■ **To do**:
Retype the listing exactly; omit pictures.

■ **Given data**:
>>>>
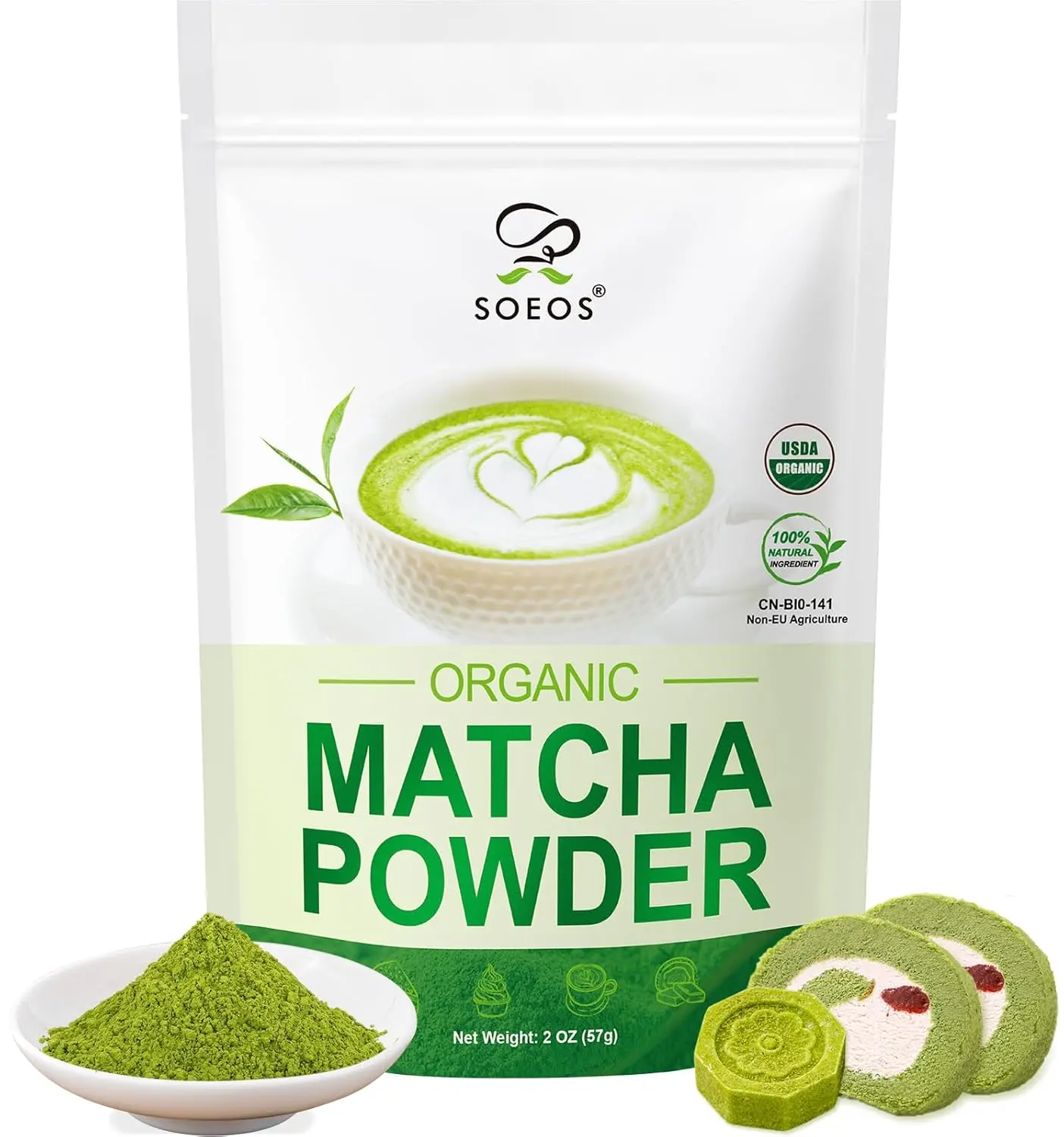 Soeos Organic Matcha Powder 2 oz (57 g)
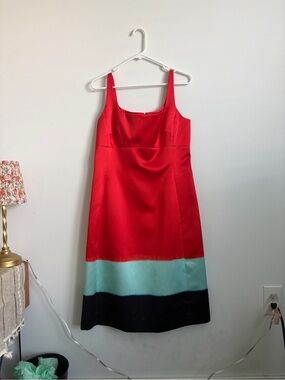 kate spade Red, Aqua & Black Colorblock Midi Dress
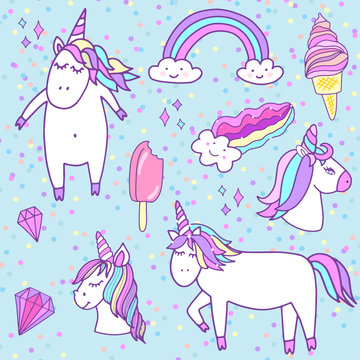 Fashion patch badges with unicorns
<<<<
■ **Output**:
 Soeos Organic Matcha Powder 2 oz (57 g)
 kate spade Red, Aqua & Black Colorblock Midi Dress
 Fashion patch badges with unicorns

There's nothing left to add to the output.